Marisa played the Portuguese adaptation to the music of the animated Italian film Winx Club 3D: Magica avventura. The film premiered on 31 March 2011. In November of that same year, the band Amor Electro reached platinum with their debut album.

From 2014 to 2023, she was a coach on The Voice Portugal. She won the show four times with competitors Tomás Adrião, Marvi, Luís Trigacheiro, and Gustavo Reinas. In 2021, she served as a coach on The Voice Kids. In 2025, Liz debuted as a coach on The Voice Gerações (the generations version of the show). In 2026, she was the winning coach when her group Os En'Canta Modas won the season.

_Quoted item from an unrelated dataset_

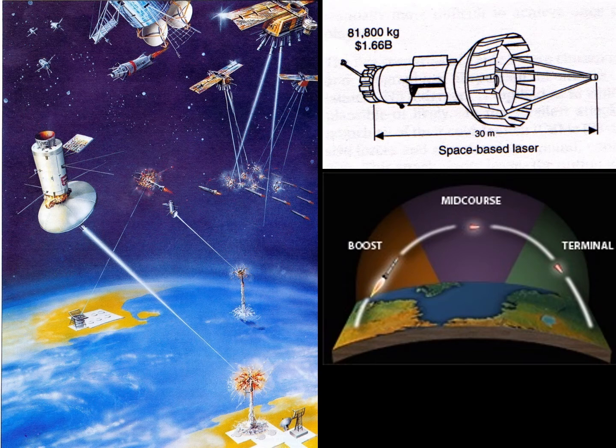Looking at the bottom right, you can see the distinction between the three phases of a missile: the boost phase, where they're moving relatively slowly; the mid-course, which could be exo-atmospheric; and then the terminal phase, where the warhead is coming at enormous speed into the target.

In 2019 she formed, together with Áurea, the Elas project.

== Personal life ==
Marisa Liz had an 18-year-long relationship with Tiago Pais Dias with whom she had two children, Beatriz and João Tiago. The couple parted ways in January 2020. In the course of the same year, it was rumored that she had started a relationship with her co-host Áurea. Both Marisa and Áurea denied the rumours. In 2021, Marisa started dating actor Diogo Branco. She also announced that she was diagnosed with attention deficit hyperactivity disorder (ADHD).